В первые дни «почетного плена» можно было уйти. Часть и ушла. Ушли те, у кого было рыльце в пушку. Ушли семейные, которые знали, что тут, где-то поблизости, находятся их раньше вывезенные семьи. Ушли, может быть, некоторые холостяки, чутьем, инстинктом предпочитавшие, чтобы «волка ноги кормили». Но это был такой маленький процент!
Остальные сидели и ждали у моря погоды. Среди них, как я писал, была и наша «благоразумная семья», верившая в человеческую справедливость, подчиняющуюся божеским законам. Мы были уже эмигрантами. Мы подготовляли других, бывших подсоветских, бывших военнопленных советской армии, бывших колхозников и рабочих, ставших сначала безличными «остами», а затем солдатами, боровшимися за «приобретение личности» — стать тоже эмигрантами, людьми, может быть, без подданства, без гражданства, но — людьми.
Страшное слово — «эмигрант». Человек без родины. Вечный груз, нежелательный элемент, обуза принявшего его государства. У эмигранта может быть семь пядей во лбу, но он, в понятиях законных детей любой земли, оставался «саль этранже», «фер-флухте ауслэндер». Но стать эмигрантом нашим подсоветским братьям казалось чем-то почти недосягаемо прекрасным. Заглядывая в наши глаза, ловя слова на лету, они буквально впитывали в себя рассказы о нашей жизни до второй мировой войны. Сначала не верили, затем ахали и, поверив, мечтали о подобном же счастье. Но в те дни все это было невозможно.
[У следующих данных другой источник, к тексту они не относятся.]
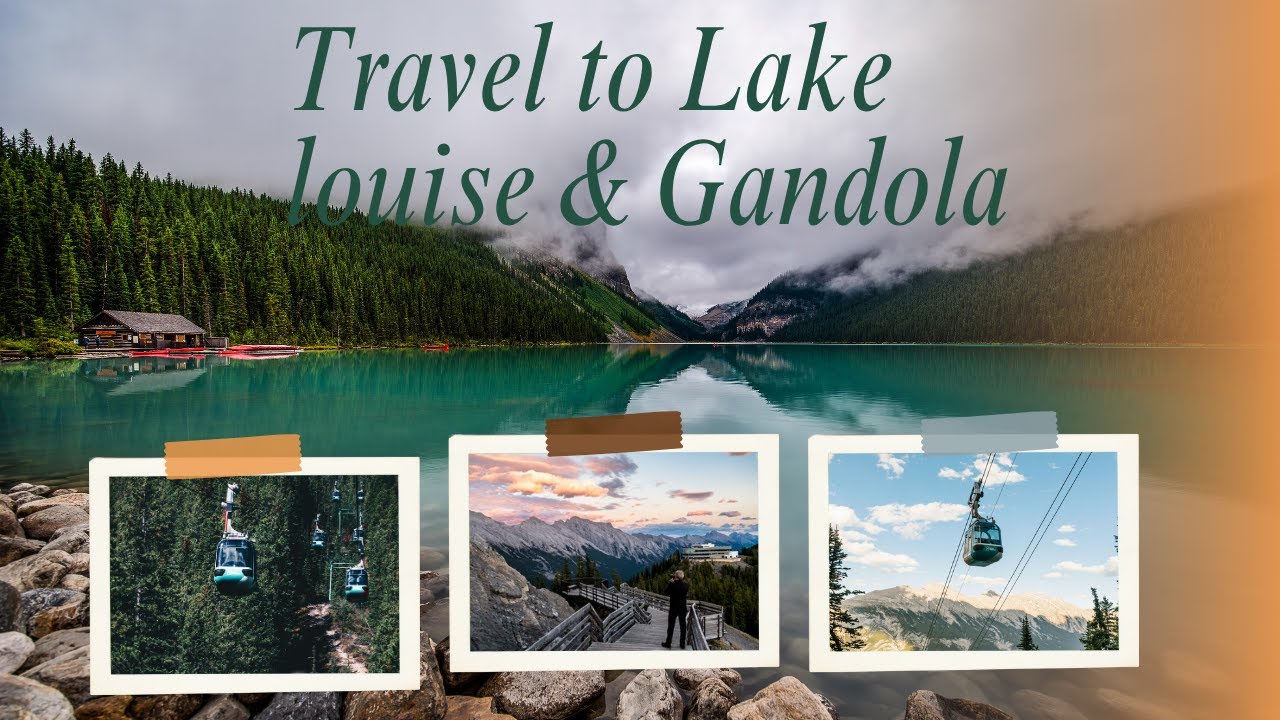 Lake Louise & Banff Gondola – Heaven on Earth 🇨🇦 | Breathtaking Views in Canada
Мы радовались спокойному, хоть, может быть, и не в очень больших удобствах, сну. Ни бомбардировок, ни мин, ни налетов партизан. Люди расположились: кто в Обердраубурге, кто в Лиенце, кто в лагере Пеггец и в других вдоль того же шоссе расположенных лагерях.
Хозяйственность русских людей сразу же сказалась. Не чуя за собой вины, многие уже планировали разбивку маленьких огородиков, заведение хозяйства.
Шли дни. К нам приходили «ходоки» из других частей, от других отрядов. Бок-о-бок с нами в Лиенце жили сербские добровольцы — льотичевцы. Встречались сербские четники, стремившиеся в никому не известный итальянский город Пальма Нуова, в котором якобы их ожидал их молодой король Петр II. Мы узнали, что недалеко от нас расположены и тысячи казаков Корпуса генерала Хельмута фон Паннвица и Русский Корпус и батальон полка «Варяг» из Любляны. Доходили вести и о трагической судьбе некоторых частей РОА (власовцев).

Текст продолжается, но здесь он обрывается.